Premier tableau. Au complet, l’opposition congolaise, conduite par Pascal Tsaty Mabiala, a frappé à la porte du Premier ministre, le 23 avril. Dans sa gibecière, une enveloppe de dix millions FCFA, remise pour le compte du Fonds national de solidarité. Avec le sens de la nuance, le meneur du groupe a précisé que de cette somme, sa contribution personnelle est de moitié, soit cinq millions, le reste ayant été sans doute tiré du compte commun de sa famille politique.

Le discours qui a suivi cette remise de fonds de l’opposition a été tout aussi édifiant. On a écouté Pascal Tsaty Mabiala dire que cette grave crise sanitaire est une opportunité pour les fils du pays de former une union sacrée contre l’ennemi commun, le Covdi-19. « Une opposition politique n’est pas faite pour s’opposer à tout » a encore argumenté le chef de l’opposition qui sait que son geste pourrait être diversement interprété. Au moins, le premier secrétaire de l’Union panafricaine pour la démocratie sociale a-t-il pris le soin de s’exprimer au nom de l’opposition sur la place publique pour circonscrire l’objet de cette sortie d’intérêt national. Comme pour dire, la querelle politique habituelle suivra son cours, entre amis et frères du même pays, mais après la trêve sanitaire.

Second tableau. A dix membres contre dix, le secrétariat permanent du Parti congolais du travail-PCT-, et le gouvernement ont longuement échangé, vendredi 24 avril, sur la gestion de la crise sanitaire. La partie demanderesse, conduite par Pierre Moussa, secrétaire général du principal parti de la majorité présidentielle, a voulu obtenir du gouvernement l’essentiel des informations sur la mise en œuvre de la politique sanitaire spéciale des temps présents. La pandémie actuelle du coronavirus étant inédite fait craindre un rejaillissement de ses effets négatifs sur tous les secteurs de la vie nationale. Il vaut mieux prévenir que guérir a-t-on cru comprendre la démarche de l’instance dirigeante du parti au pouvoir.
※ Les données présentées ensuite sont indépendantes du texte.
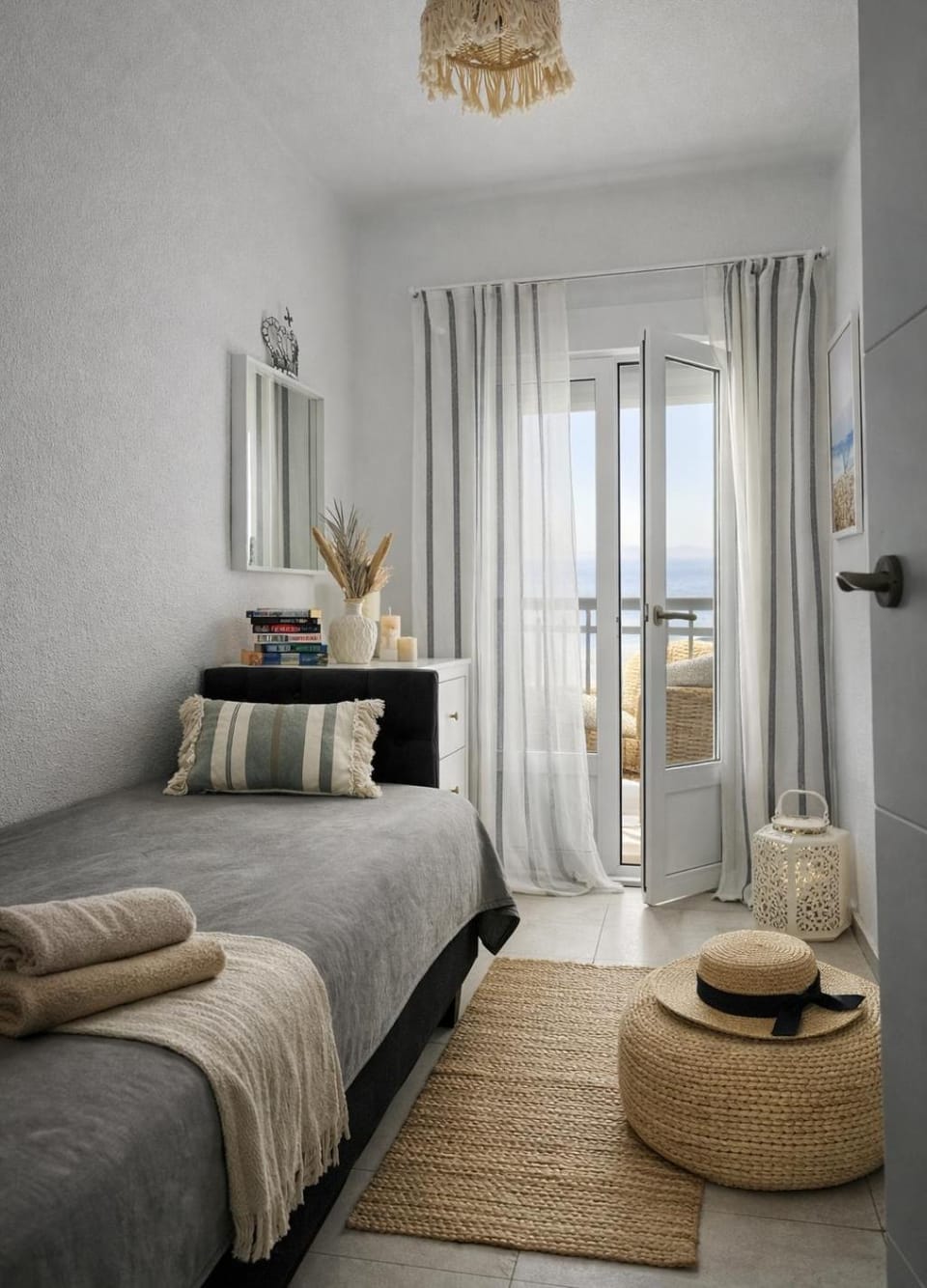 Bed, Photo of the whole room, Seating area, Bedroom, towels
La différence entre les deux exercices tient au fait que le premier groupe est venu accomplir un geste que beaucoup avant lui avaient effectué. Il sort de l’ordinaire parce que très souvent, les oppositions ont tendance à profiter de toutes les situations qui surviennent pour enfoncer ceux qui sont au pouvoir, la perspective étant toujours d’envisager une alternance au sommet de l’Etat. Par contre le second groupe s’est retrouvé avec ses propres mandatés au sein de l’exécutif. Il a fait le choix d’attirer l’attention sur les conséquences d’une gestion approximative de la crise du Covdi-19 qui, soit-dit en passant, s’ajoute à la crise financière déjà fort sévère.

Au demeurant, les deux groupes peuvent lire avec intérêt le « Rapport d’activités à mi-parcours » que le comité d’experts près le comité national de la riposte à la pandémie du coronavirus a rendu public le 24 avril dernier. Peut-être pourraient-ils, au moins sur le plan thématique, prendre la mesure du travail qui s’impose à tous. Et mieux porter leurs légitimes appréhensions.